There are six of us around the table, and the conversation turns to what I do for a living, also known as "my field of study" in academia. "I'm a game designer and a professor," I say. The dinner had been arranged by a third party in order to connect academics from various institutions for networking purposes.
"You mean videogames?" one of the teachers asks. It's said with the same professional and courteous tone that one might reserve for asking, "Did you pass gas?"
"Videogames, yes," I answer. "I've been doing it over 20 years now." Really without any effort at all, I launch into a little love manifesto of sorts, talking about how much I enjoy being a game designer, how wonderful it is to make games, all kinds of games.

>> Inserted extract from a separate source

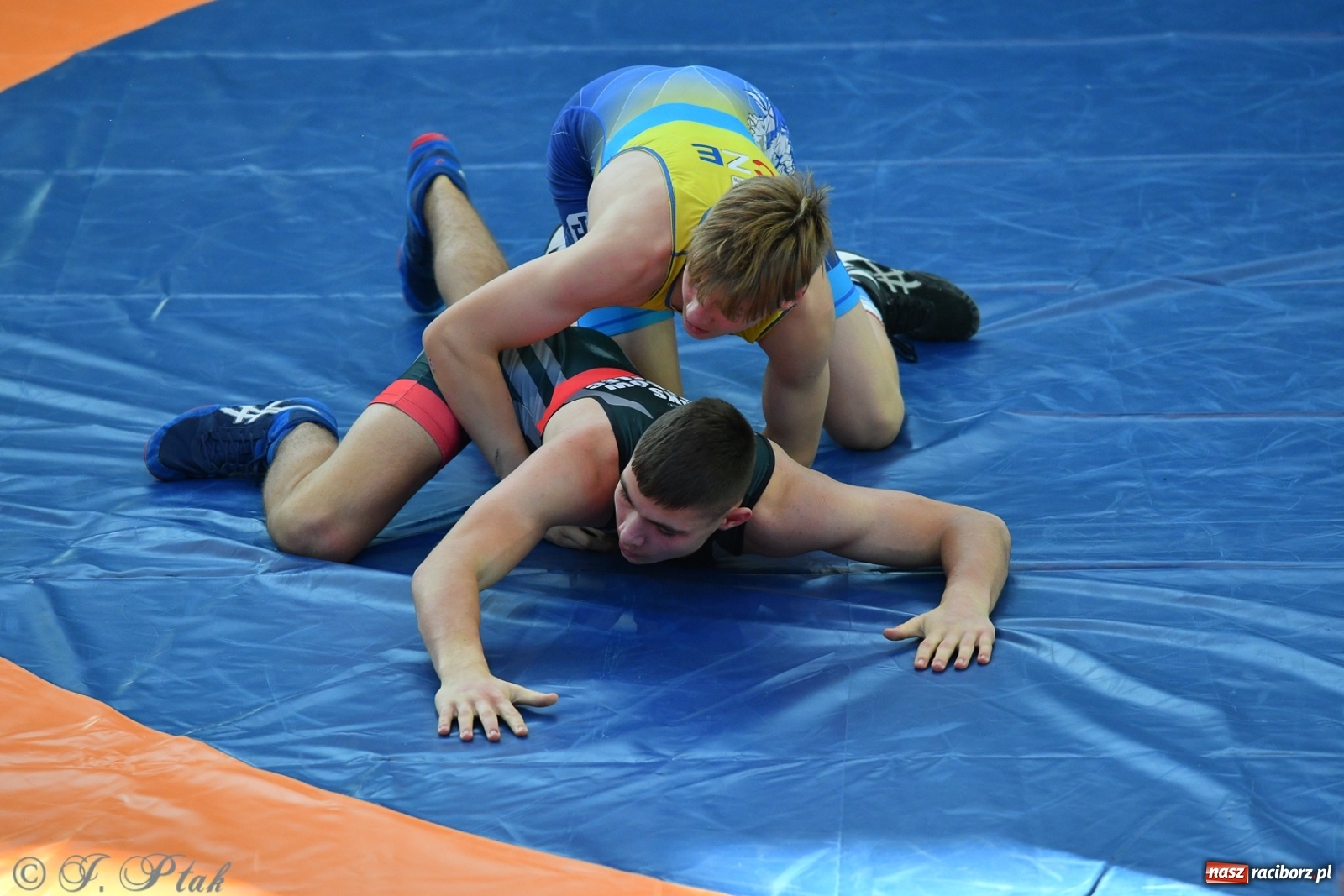 Zdjęcie w galerii na portalu naszraciborz.pl: Zapaśnicza Unia Racibórz świętuje 75-lecie klubu wiadomości z regionu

I even tell them about the incredibly wonderful modding experience I had with my 7-year-old daughter. "I am teaching her to play Risk," I tell them. "And when I told her she couldn't own the oceans, she said, 'But, Mommy, you're a game designer. You can change the rules!'" We did, and it made the game a whole lot different, and the best part about it was that we made our first mod together. It was a wonderful, geeky moment that perhaps only another game designer parent can appreciate.
Inevitably, after I finish speaking, the strong opinions come. It happens the same way every time: People listen and then they say what they've been feeling. Videogames are not good for you. Videogames are a waste of time. They isolate children. Kids never go outside to play. They just sit there and stare at the TV all day.
The conversation this evening is particularly ironic, given that I've just finished my design for GDC's Game Design Challenge, OneHundredDogs.com. It's a Facebook ARG designed to be played in 50 cities across the country. It's all outdoors and designed to build a nationwide community of happy people and their happy dogs working together toward a common goal. I sit and listen, and they continue.
Videogames are addictive, violent and blood-soaked. People just shouldn't let their kids play games. One attendee agrees with the next, polite apologies are made in my direction and the memes pass around the table with the bread.
On the way home, I wonder where the hell all this comes from. These are the same people who drowned machines in quarters back in the 1980s, who played Super Mario Bros. until their thumbs were sore. I know, because I was there. I bet some of them even had Pac-Man lunch boxes like I did. So where's the love?
Within the hour, I send off an email to 40 people over 30 who aren't gamers. "Just off the top of your head, what would you say if someone stuck a microphone in your face and said, 'How do you feel about videogames?'"
The emails are written (in my head) before I even receive the first reply. Some will note their dislike of videogames and back their opinions up with references to Jack Thompson and Dr. Phil or the plethora of news stories that tout videogames as vile things. The rest will like them, slaver about the Wii or state indifference.